Red wine quality dataset is a very simple dataset to work with, all the features are numerical and there is no missing data! Can it be more convenient! Honestly such datasets are a bit boring for me, however as a wine lower, I am very excited to work on it! :D

This is a classification problem (can be also regression but I prefer to do classification!)

In [None]:
import pandas as pd
import numpy as np
from sklearn.tree import DecisionTreeClassifier
from sklearn.model_selection import GridSearchCV
from sklearn.model_selection import train_test_split
from sklearn.linear_model import LogisticRegression
from sklearn.naive_bayes import GaussianNB
from sklearn.svm import SVC
from sklearn.neighbors import KNeighborsClassifier
from sklearn.model_selection import cross_val_score
from sklearn.metrics import log_loss
from sklearn.model_selection import StratifiedKFold
from xgboost import XGBClassifier
import matplotlib.pyplot as plt
import seaborn as sns
sns.set()



First lets lave look at the data:

In [None]:
df=pd.read_csv('/kaggle/input/red-wine-quality-cortez-et-al-2009/winequality-red.csv')
print(df.info())
features = df.drop(columns='quality').columns

As we can see there is no missing data and all the features are of numerical type.
This is a small dataset and all features are numerical, so SVM can be an option, it works well on small datasets, KNN maybe ... the dimension of data is big so it will be slow, logistic regression, Naive bayes and decision tree also might be a good option for this problem! But, I need still more information to make a decision. Lets look at the statistic summary of dataset:


In [None]:
#print(df.describe())
plt.figure(figsize=(20,14))
sns.boxplot(data=df)
plt.show()

Features have different variances, features with higher variances are dominant in distance dependant-classification methods like KNN, so to use KNN features should be scaled first, maybe that is a good excuse for not using KNN! Hahaha... 
We need still more information, lets see how is the distribution of wines in different classes:

In [None]:
plt.figure(figsize=(12,8))
sns.distplot(df.quality, bins=20, kde=False)
plt.ylabel('The number of wines')
plt.xlabel('Wine quality')
plt.title('The number of wines per quality')
plt.show()

So, it is an unbalanced dataset... As a rule of thumb, decision tree-based models peforms best, so I will definietly try that, KNN is valnurable; 
Accuracy is not a good measure for performance evaluation of an unbalanced dataset, AUC is iu sed for binary classification problems, so my choice is logloss which is most common accuracy measure for unbalanced datasets! One decision is made, it is a progress!
Now I want to see the correlation between different features and with quality of wine! 

In [None]:
plt.figure(figsize=(12,8))
corr_mat = df.corr(method='pearson')
sns.heatmap(corr_mat, annot=True) 
plt.xticks(rotation=30)
plt.show()

I love heatmap, it is beautiful and gives you a lot of information!
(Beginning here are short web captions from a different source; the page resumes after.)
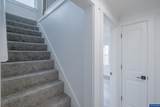 2194 Vaughn Av - Photo 24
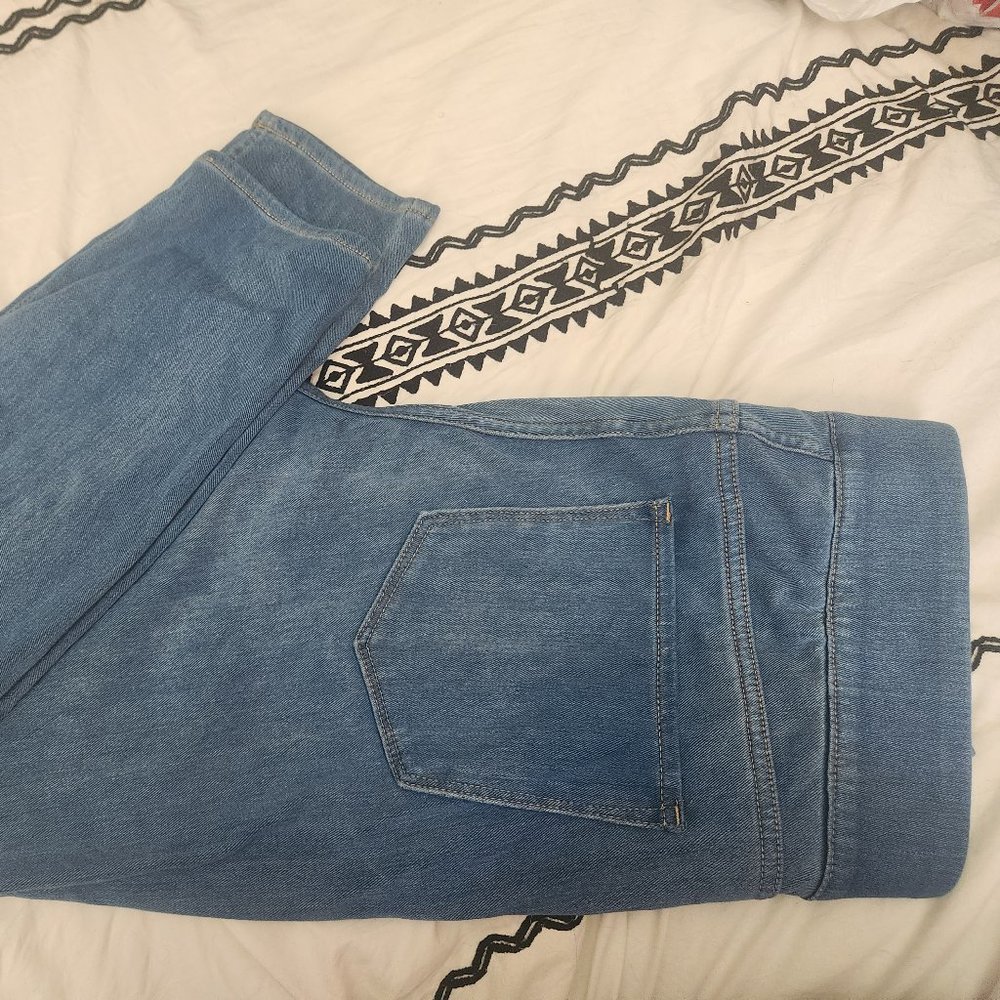 Old Navy Jeans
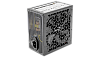 Aerocool AERO BRONZE 500W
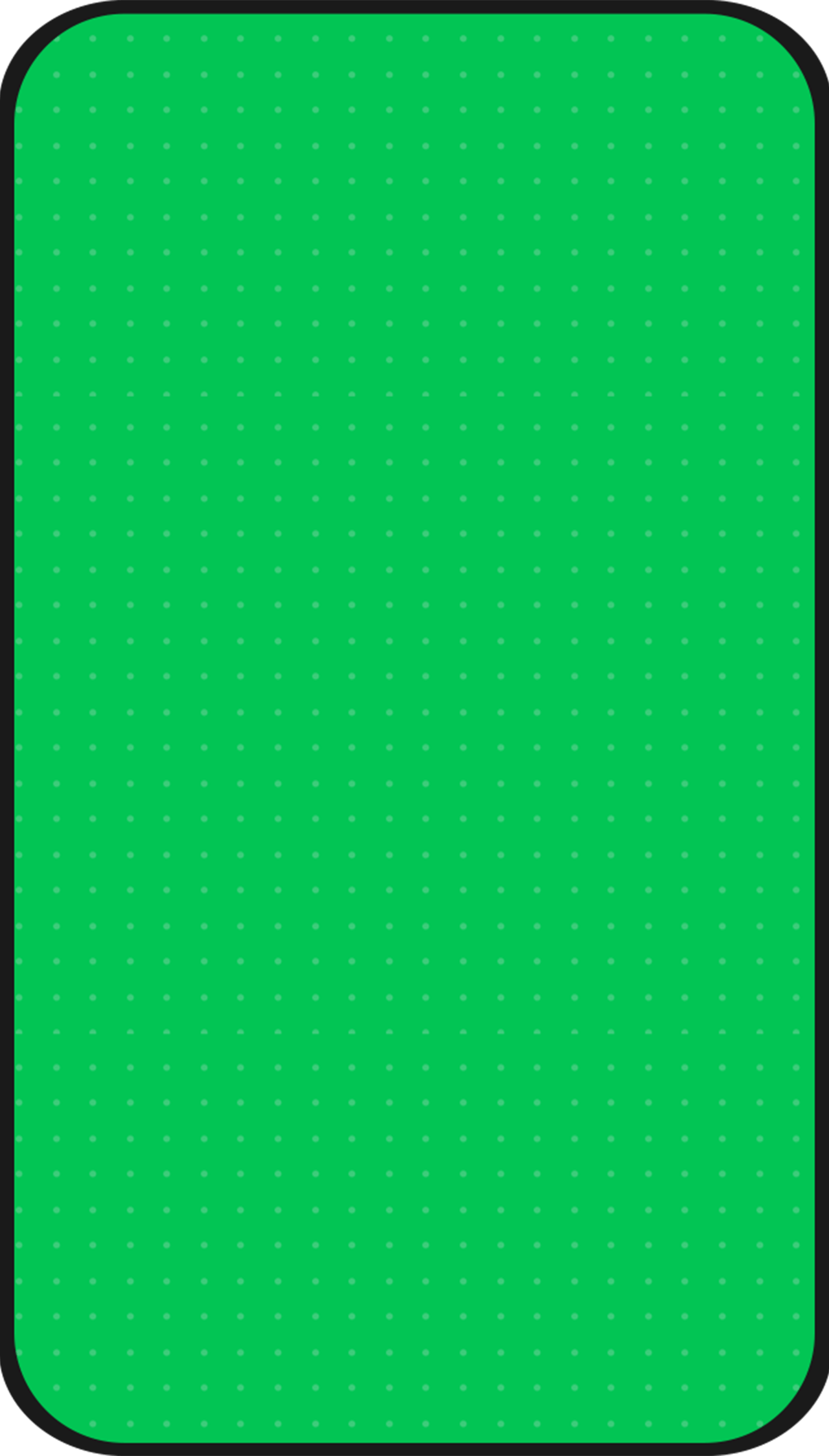 スマートホン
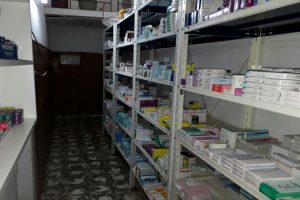 MS ALLANAN FARMACIA 2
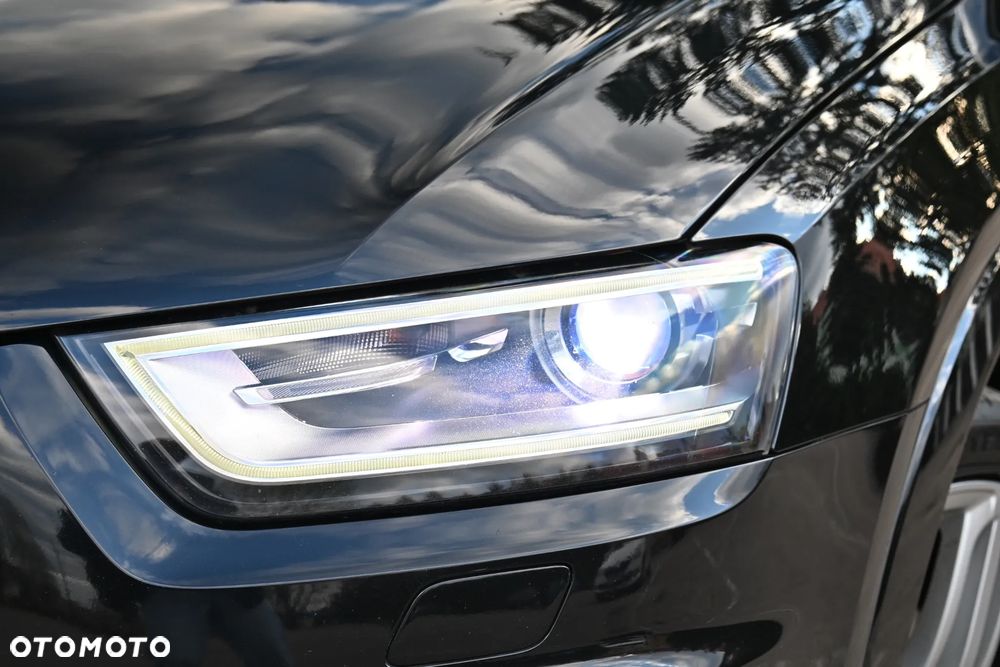 Audi Q3 2.0 TDI Quattro Prime Line S tronic - 8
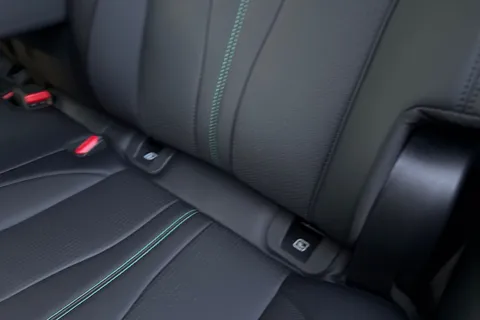 DU75VHL BYD Seal U 1.5 DM-i Comfort 5dr Auto Thumbnail #28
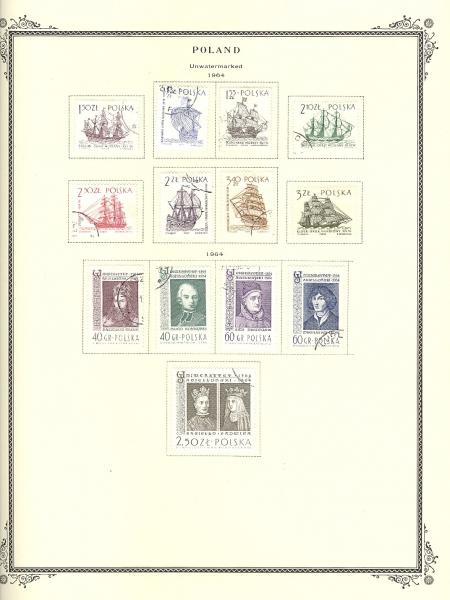 WSA-Poland-Postage-1964-1.jpg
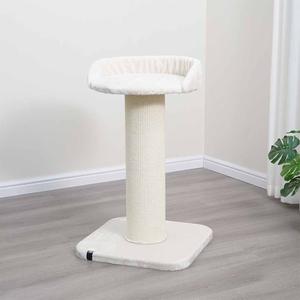 Kratzbaum Ebi Sydney image-1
It turns out that there is a quite remarkable correlation between wine quality and its alcohol content which is not surprising at all! 
Density and citric acid have high correlation?!! I am wondering why...
If I am going to to feature reduction, between citric acid and fixed acidity I will keep only one of them, but now I don't think it is necessary, lets keep all the features. 
Now it is time to build a ML model. Based on the observations above, I apply SVM, logistic regression, naive bayes and decision tree models to the data!
First, without hyperparameter tuning, I want to see a rough comparison between their performance. I keep a subset of data as validation dataset out to use it later as unseen data by model!


In [None]:
# Split-out validation df
array = df.values
X = array[:,0:11]
y = array[:,11]

X_train, X_validation, Y_train, Y_validation = train_test_split(X, y, test_size=0.20, random_state=1, shuffle=True)

models = []
models.append(('Decision Tree', DecisionTreeClassifier()))
models.append(('LR', LogisticRegression(solver='liblinear', multi_class='ovr')))
models.append(('NB', GaussianNB()))
models.append(('SVM', SVC(gamma='auto', probability=True))) 
results = []
names = []
for name, model in models:
    kfold = StratifiedKFold(n_splits=4, shuffle=True, random_state=1)
    cv_results = cross_val_score(model, X_train, Y_train, cv=kfold, scoring='neg_log_loss')
    results.append(cv_results)
    names.append(name)

plt.figure(figsize=(12,10))
plt.boxplot(results, labels=names)
plt.title('Performance comparison of different algorithms')
plt.show()

Apparently Logistic Regression and SVM performs better than other algorithms, so I narrow down my choices to these two. I compare the performance of these two on validation data set and then make my final decision:

In [None]:
models = []
models.append(('LR', LogisticRegression(solver='liblinear', multi_class='ovr')))
models.append(('SVM', SVC(gamma='auto', probability=True))) 
results = []
names = []
for name, model in models:
    model.fit(X_train, Y_train)
    predictions = model.predict_proba(X_validation)
    score=log_loss(Y_validation, predictions)
    results.append(cv_results)
    names.append(name)
    print('logloss score of {} on unseen data is: '.format(name) + str(score))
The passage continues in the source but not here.